COLLECTED DATA:
* * *
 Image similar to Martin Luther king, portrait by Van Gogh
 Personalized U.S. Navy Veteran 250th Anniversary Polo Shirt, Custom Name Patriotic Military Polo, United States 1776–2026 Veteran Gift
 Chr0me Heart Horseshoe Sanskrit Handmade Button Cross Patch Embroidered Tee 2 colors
* * *
TASK PROMPT:
Transcribe the data above so that every line matches exactly.

OUTPUT OF THE EXERCISE:
 Image similar to Martin Luther king, portrait by Van Gogh
 Personalized U.S. Navy Veteran 250th Anniversary Polo Shirt, Custom Name Patriotic Military Polo, United States 1776–2026 Veteran Gift
 Chr0me Heart Horseshoe Sanskrit Handmade Button Cross Patch Embroidered Tee 2 colors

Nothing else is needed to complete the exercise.